Data listing:
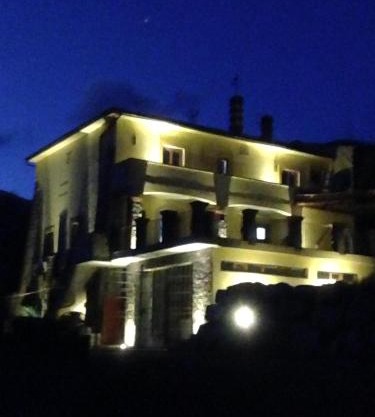 Locanda Marzi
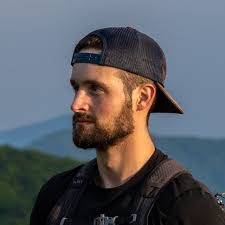 Chris Drewery's Instagram, Twitter & Facebook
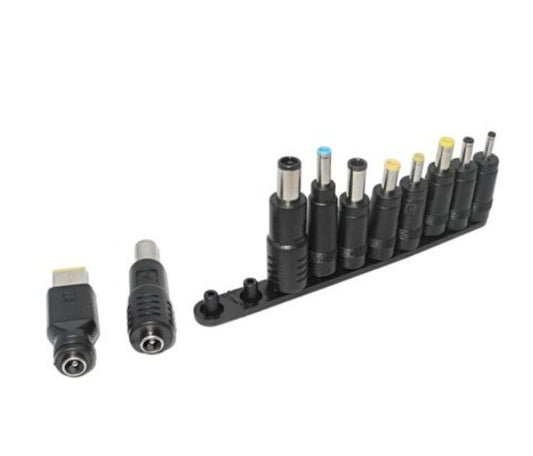 Decoy Line 100w Fast Charging Line With 10 Adapters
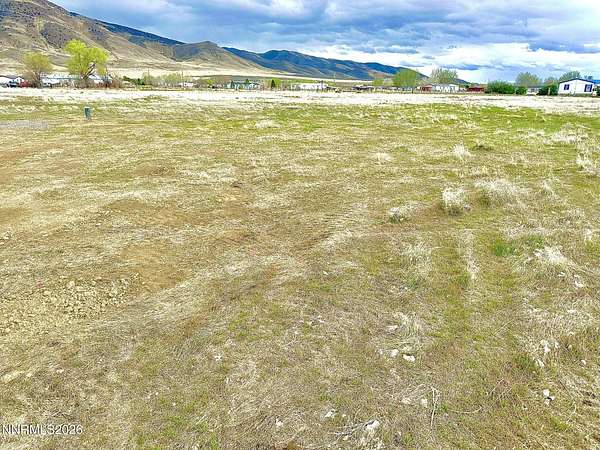 2.29 Acres of Residential Land for Sale in Winnemucca, Nevada
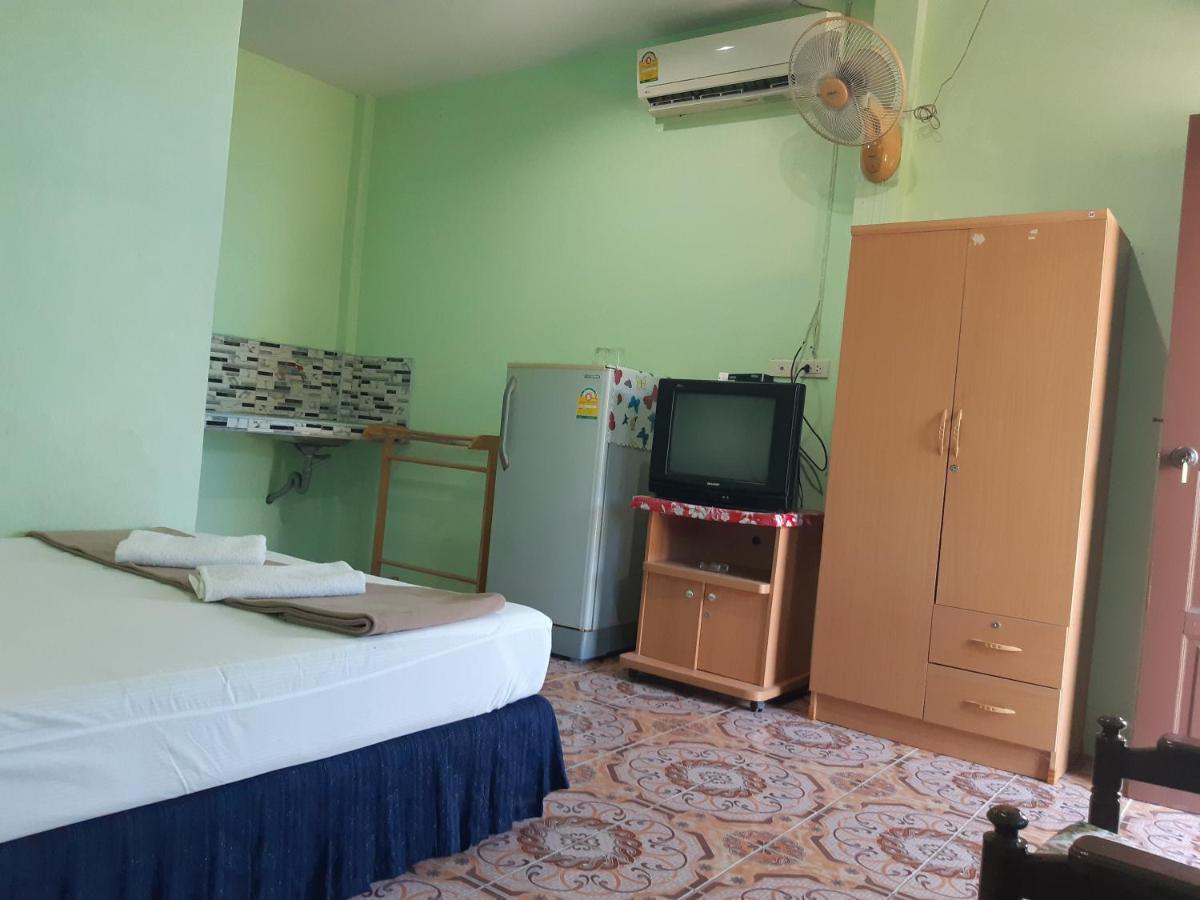 Wangwaree Resort Nai Yang Zewnętrze zdjęcie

Task: Set down, word for word, the line that holds "2.29 Acres of" and all lines after it to the end of the entries above, but not the pictures.

Output of the exercise:
 2.29 Acres of Residential Land for Sale in Winnemucca, Nevada
 Wangwaree Resort Nai Yang Zewnętrze zdjęcie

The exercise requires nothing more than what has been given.